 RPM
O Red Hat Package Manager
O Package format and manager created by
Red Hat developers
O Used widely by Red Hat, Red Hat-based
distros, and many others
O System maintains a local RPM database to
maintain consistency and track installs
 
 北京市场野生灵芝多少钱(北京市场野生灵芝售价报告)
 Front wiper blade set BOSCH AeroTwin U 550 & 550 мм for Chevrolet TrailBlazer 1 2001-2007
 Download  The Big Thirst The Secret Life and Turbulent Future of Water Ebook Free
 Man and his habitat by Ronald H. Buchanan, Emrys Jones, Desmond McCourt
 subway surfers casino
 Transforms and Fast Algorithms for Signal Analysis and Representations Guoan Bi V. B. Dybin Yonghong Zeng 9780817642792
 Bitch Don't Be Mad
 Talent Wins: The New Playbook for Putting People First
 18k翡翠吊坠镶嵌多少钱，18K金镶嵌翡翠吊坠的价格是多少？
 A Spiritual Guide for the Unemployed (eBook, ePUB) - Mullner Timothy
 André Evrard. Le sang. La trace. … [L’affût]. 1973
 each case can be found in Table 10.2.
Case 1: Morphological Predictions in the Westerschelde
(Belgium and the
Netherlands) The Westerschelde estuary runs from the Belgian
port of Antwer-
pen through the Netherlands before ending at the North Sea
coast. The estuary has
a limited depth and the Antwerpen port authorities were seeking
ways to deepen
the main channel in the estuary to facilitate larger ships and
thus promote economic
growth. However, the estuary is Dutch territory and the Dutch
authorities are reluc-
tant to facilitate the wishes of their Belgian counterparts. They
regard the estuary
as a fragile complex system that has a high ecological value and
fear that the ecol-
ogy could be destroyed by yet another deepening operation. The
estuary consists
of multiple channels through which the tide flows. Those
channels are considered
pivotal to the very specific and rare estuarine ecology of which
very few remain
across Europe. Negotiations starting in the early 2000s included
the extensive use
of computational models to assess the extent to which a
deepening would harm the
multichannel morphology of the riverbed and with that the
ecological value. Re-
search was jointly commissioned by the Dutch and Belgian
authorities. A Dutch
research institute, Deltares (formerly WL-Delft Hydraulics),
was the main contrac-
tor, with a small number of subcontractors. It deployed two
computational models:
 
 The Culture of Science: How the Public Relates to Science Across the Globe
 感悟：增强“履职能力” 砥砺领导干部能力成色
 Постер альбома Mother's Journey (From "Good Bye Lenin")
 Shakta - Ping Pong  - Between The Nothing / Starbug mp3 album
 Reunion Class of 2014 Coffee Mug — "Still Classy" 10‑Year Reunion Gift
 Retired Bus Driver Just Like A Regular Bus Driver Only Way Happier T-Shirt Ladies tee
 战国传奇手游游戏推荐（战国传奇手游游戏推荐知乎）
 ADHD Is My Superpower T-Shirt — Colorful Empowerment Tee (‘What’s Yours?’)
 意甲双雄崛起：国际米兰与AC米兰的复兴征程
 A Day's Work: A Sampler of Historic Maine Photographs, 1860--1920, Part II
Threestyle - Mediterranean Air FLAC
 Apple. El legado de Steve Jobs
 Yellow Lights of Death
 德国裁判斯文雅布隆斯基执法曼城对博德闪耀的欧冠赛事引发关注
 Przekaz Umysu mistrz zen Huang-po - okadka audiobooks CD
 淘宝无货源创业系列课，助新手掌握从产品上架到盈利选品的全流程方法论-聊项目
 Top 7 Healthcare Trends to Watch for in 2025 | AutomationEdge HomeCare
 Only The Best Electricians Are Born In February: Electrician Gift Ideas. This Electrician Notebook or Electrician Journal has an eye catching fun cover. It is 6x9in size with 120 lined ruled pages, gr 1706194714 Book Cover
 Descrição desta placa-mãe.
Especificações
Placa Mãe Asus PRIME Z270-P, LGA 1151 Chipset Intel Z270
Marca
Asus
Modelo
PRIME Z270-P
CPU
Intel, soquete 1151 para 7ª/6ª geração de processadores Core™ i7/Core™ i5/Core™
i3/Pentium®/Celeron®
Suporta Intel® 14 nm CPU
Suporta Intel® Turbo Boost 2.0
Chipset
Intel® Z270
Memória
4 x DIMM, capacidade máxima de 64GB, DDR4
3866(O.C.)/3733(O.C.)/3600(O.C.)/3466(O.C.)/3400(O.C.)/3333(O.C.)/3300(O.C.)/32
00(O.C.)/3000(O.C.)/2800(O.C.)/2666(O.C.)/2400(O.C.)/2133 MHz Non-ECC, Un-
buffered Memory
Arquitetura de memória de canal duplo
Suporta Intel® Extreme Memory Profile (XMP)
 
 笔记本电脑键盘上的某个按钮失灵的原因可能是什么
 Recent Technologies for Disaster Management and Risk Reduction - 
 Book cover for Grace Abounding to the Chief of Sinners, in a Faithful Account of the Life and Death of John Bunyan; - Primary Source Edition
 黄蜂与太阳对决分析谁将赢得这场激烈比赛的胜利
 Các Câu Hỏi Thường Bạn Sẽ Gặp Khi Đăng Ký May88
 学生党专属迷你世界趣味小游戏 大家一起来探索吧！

□ □ □ □

## What you have to do:
Every line that contains the string "Shirt" should be copied from the entries.

## Solution for this task:
 Retired Bus Driver Just Like A Regular Bus Driver Only Way Happier T-Shirt Ladies tee
 ADHD Is My Superpower T-Shirt — Colorful Empowerment Tee (‘What’s Yours?’)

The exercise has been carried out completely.